Whether it’s a Cinco de Mayo celebration or just a Tuesday night, these Taco Cheeseburgers are the perfect way to celebrate. They are piled high with my favorite Mexican ingredients to create the perfect flavor and texture bomb.
I’ve had this idea rolling around my head for quite some time now and once again, I’m mad at myself for taking so long to actually bring it to fruition. I mean, tacos and burgers are among the best food creations of all time so I’m not surprised that combining them was a major success. And with Cinco de Mayo next Friday I figured this was the best time to share them.
We aren’t going to be home for Cinco de Mayo so we had an early celebration with these Taco Cheeseburgers and homemade salsa for chip dipping. I finally found a homemade salsa recipe I love (with some tweaks) from the most recent issue of Food Network Magazine so maybe that’ll come soon.
Back to the taco cheeseburgers. I started with a combination of ground beef and ground chorizo. Because chorizo is so soft, you have to be careful flipping these as they can crumble easily.
Once the patties were formed I drizzled them with a little olive oil then rubbed them with my homemade taco seasoning. It’s incredibly easy to mix up a big batch so you always have it on hand. It uses basic spices so I’m betting most of you will have the necessary ingredients in your pantry.
The burgers are topped with melty pepper jack and a tasty avocado crema that consists of a mashed avocado, a couple spoonfuls of sour cream and a squeeze of lime. It’s super simple and adds a nice creaminess to the burger. Lastly, lettuce, tomato and my favorite part, tortilla strips top the burger to add the final taco touches.

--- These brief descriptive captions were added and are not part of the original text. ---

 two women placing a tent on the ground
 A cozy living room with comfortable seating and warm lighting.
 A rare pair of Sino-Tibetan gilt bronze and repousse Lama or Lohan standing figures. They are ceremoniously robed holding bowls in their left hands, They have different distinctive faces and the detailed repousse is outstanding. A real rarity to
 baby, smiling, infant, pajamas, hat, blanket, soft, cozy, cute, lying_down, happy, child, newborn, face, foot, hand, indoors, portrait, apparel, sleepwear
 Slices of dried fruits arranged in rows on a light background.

Only I would find a legitimate reason to top a burger with chips. And I’m not sorry about it. They add the perfect crunchy contrast to the creamy avocado crema which helps tame down the spiciness of the chorizo. See, it all works together friends. Perfect taco burger goodness.
- 1/4 cup sour cream
- 1 avocado
- Juice of 1/2 lime
- 1/4 tsp. kosher salt
- 1 lb. ground beef (85/15)
- 9 oz. ground pork chorizo
- 4 Tbsp. taco seasoning
- 1 cup shredded pepper jack
- 4 burger buns
- Shredded lettuce
- Sliced tomato
- Tortilla strips
To make avocado crema: mash avocado until smooth. Stir in sour cream, lime juice and salt. Set aside.

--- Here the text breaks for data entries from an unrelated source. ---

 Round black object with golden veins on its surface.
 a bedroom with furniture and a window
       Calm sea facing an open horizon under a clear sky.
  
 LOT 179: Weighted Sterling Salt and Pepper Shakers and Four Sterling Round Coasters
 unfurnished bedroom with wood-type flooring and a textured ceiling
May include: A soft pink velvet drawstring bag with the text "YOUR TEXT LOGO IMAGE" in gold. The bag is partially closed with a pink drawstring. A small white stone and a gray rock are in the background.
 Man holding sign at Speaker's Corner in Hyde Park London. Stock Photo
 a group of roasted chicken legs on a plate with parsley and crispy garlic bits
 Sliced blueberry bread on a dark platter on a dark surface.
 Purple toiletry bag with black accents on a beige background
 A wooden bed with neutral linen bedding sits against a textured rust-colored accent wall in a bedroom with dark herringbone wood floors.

In a large bowl, combine the ground beef and chorizo. Form into 4 patties and rub lightly with olive oil. Sprinkle each side with 1/2 tablespoon taco seasoning. Grill until cooked through (be careful when flipping as they may fall apart easily). Top each burger with 1/4 cup pepper jack and allow to melt.
Place buns on grill to toast. Place burgers on bottom buns. On the top bun spread with avocado crema then top with lettuce, tomato and tortilla strips.